La mamma sbuffava sempre negli ultimi tempi, quando si doveva muovere da un punto all'altro.
Si vedeva palesemente che era affaticata e doveva sforzarsi, ma rifiutava ogni aiuto da parte di terzi.
Doveva fare da sola, come era stato in tutta la sua vita operosa.
Quando doveva sedersi in poltrona, o alzarsi da seduta, emetteva questo sbuffo di aria, ma nessuno doveva dire niente.
E questi sbuffi non avevano nulla di teatrale: scaturivano dalla fatica con cui doveva sostenere ogni movimento.

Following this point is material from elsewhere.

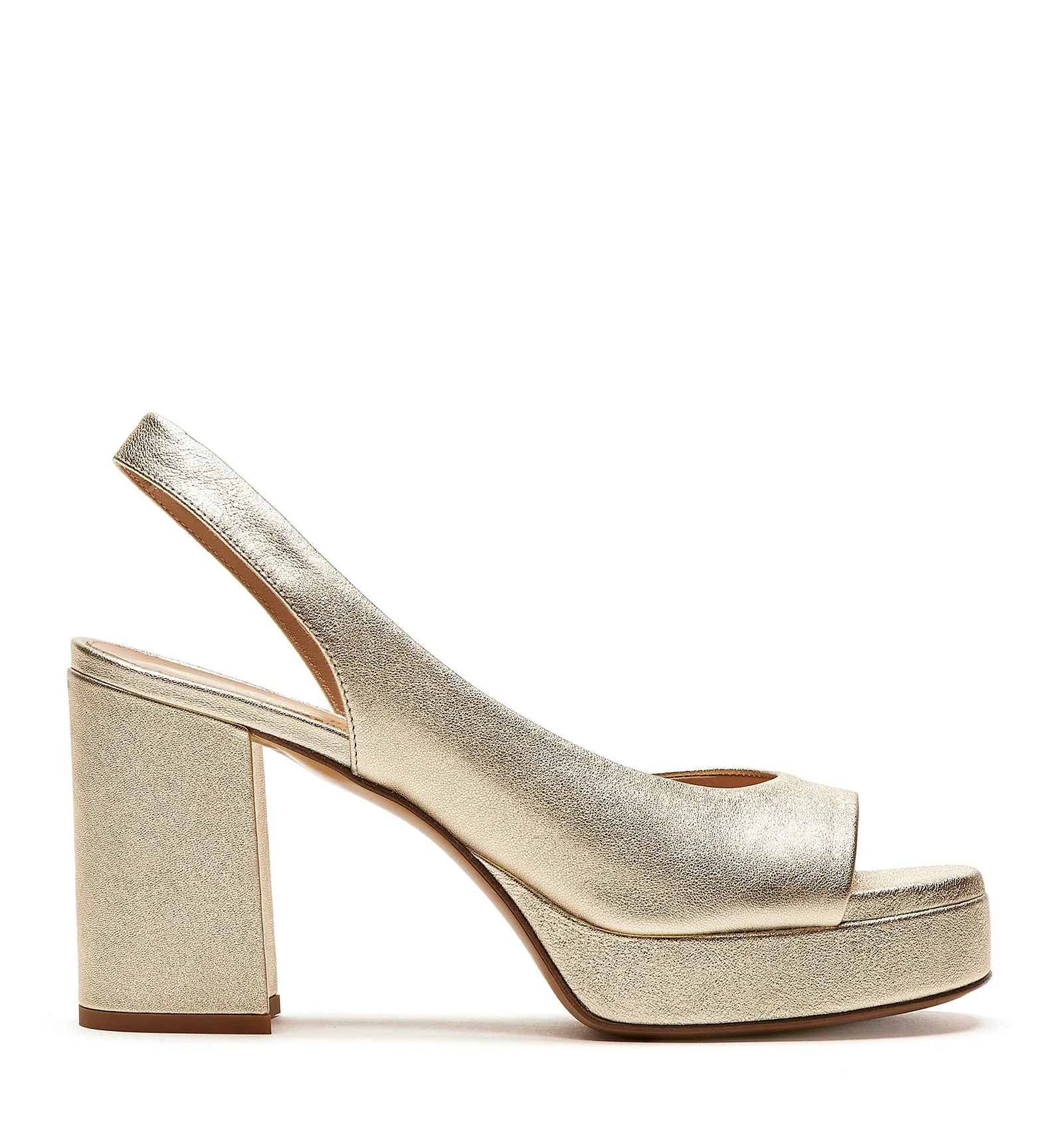 REBEL LEATHER SLINGBACK SANDAL sold by La CANADIENNE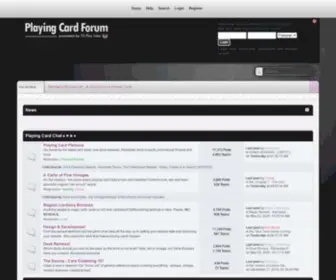 Playingcardforum.com(A Discourse For Playing Cards) Screenshot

Eppure, sino alla fine, non si astenne dal fare autonomamente, né mai chiese aiuto.
Teneva duro e cercava di mantenere la propria indipendenza, anche se ciò le costava sforzi immani.
Insistette sino all'ultimo per spostarsi dal soggiorno alla cucina per i nostri pasti, anche se più comodamente per lei avremmo potuto mangiare in soggiorno, e - negli ultimissimi giorni - quando arrivava sino alla cucina, spingendo lentamente un carrello deambulatorio davanti a sé, era in affanno e letteralmente cerea in volto e, prima di poter iniziare a mangiare, doveva riprendersi.

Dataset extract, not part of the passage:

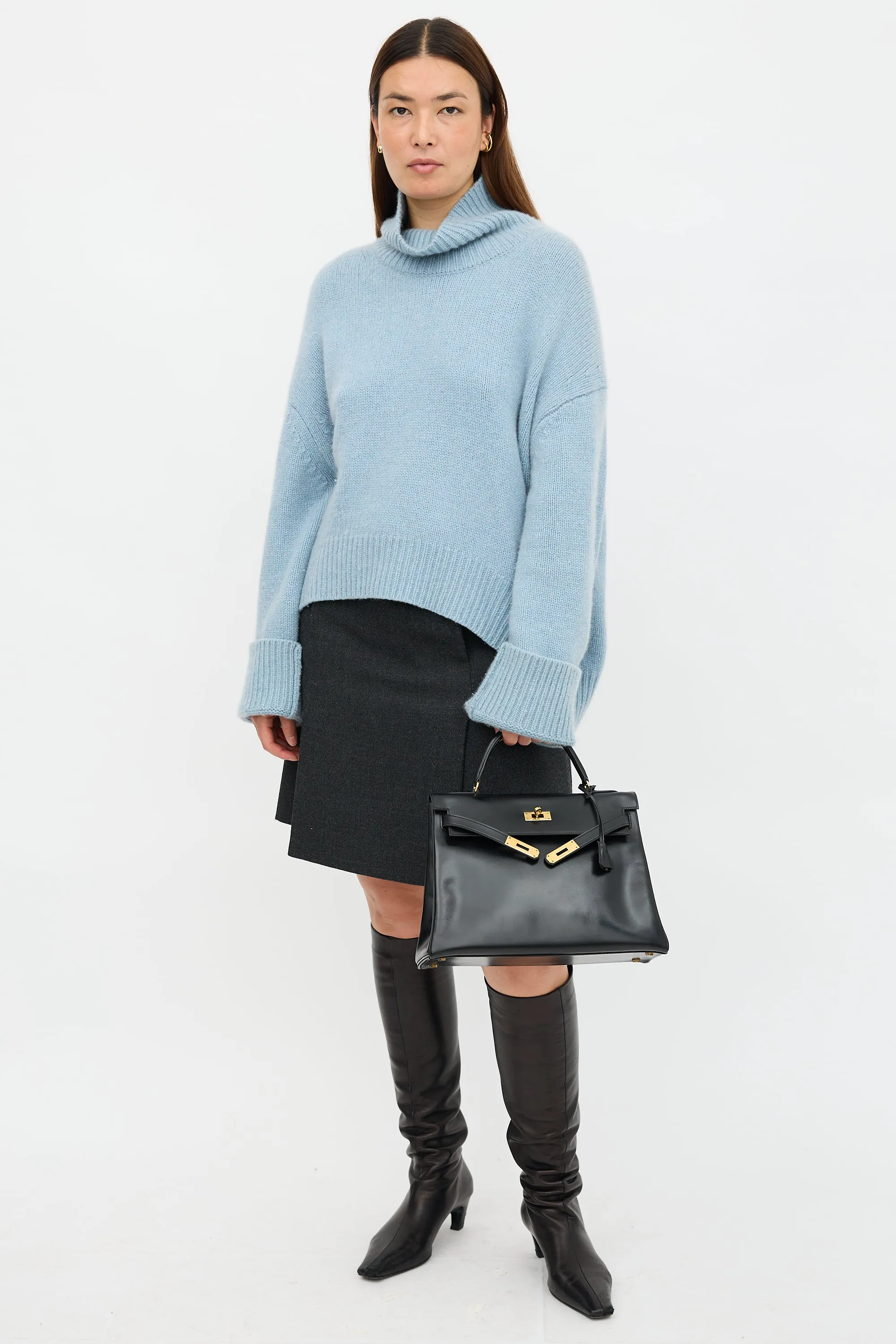 Vintage Noir H Box Kelly Sellier 32 Bag sold by VSP Consignment product image thumbnail 3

Ma era la sua scelta, era questo che voleva.
La mamma era - ma non solo per questo modo di affrontare le sue ultime sofferenze terrene - il più puro esempio della "resilienza", o meglio di una forma di resistenza, in cui è sempre in opera un processo di adattamento e di trasformazione.

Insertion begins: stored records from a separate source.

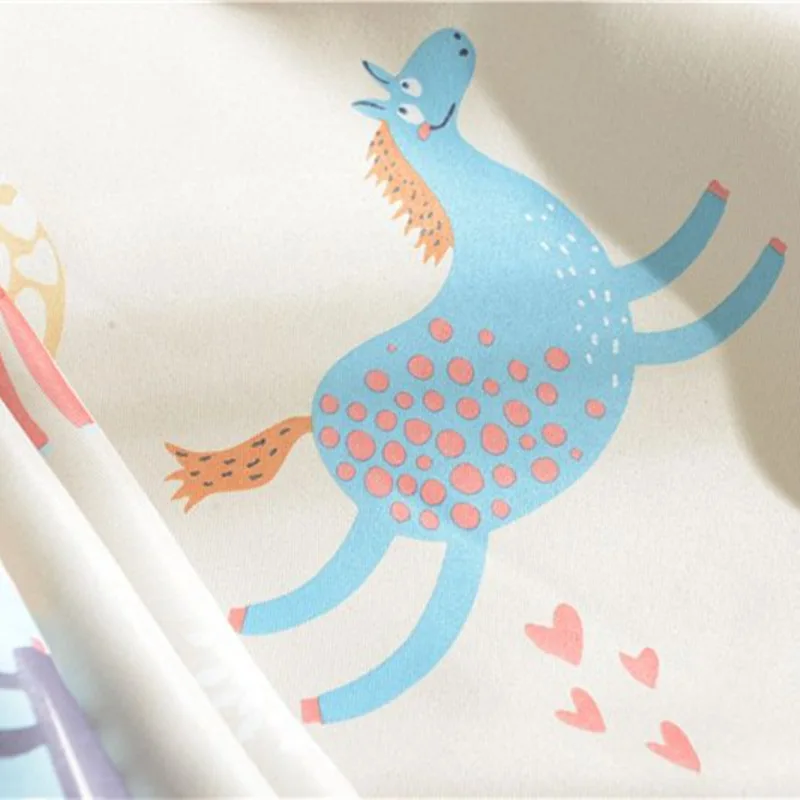 Мультфильм пони односторонний свет затенение печать занавес детский сад на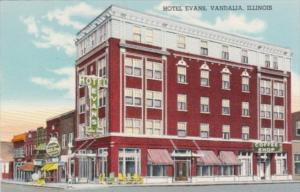 Illinois Vandalia Hotel Evans Curteich
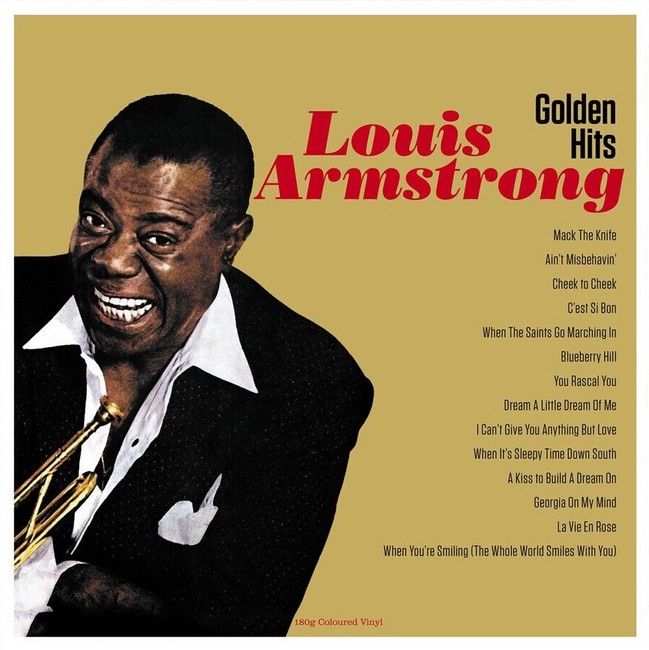 Louis Armstrong - Golden Hits (LP, Compilation, Red Vinyl)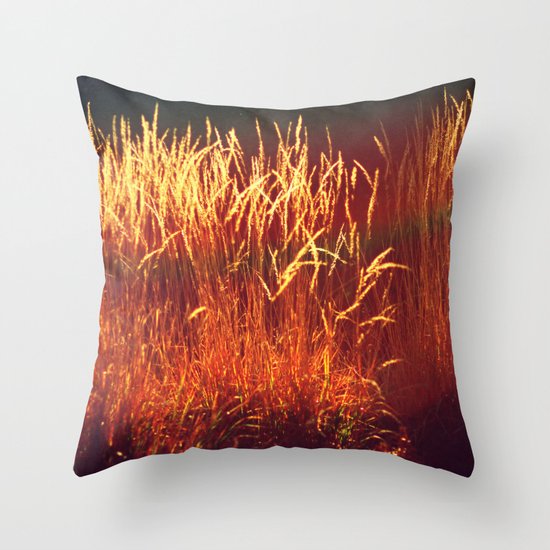 sunset colors Throw Pillow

Quando mi sento affaticato per qualsiasi cosa, penso a lei e al suo coraggio. E, allora, la mia fatica si ridimensiona immediatamente e traggo nuove energie.
Pensare a lei e alla sua determinazione, assieme alla sua abnegazione, mi infonde coraggio, nell'affrontare i momenti di sconforto.
Grazie sempre a te, mamma, per l'esempio che mi hai dato.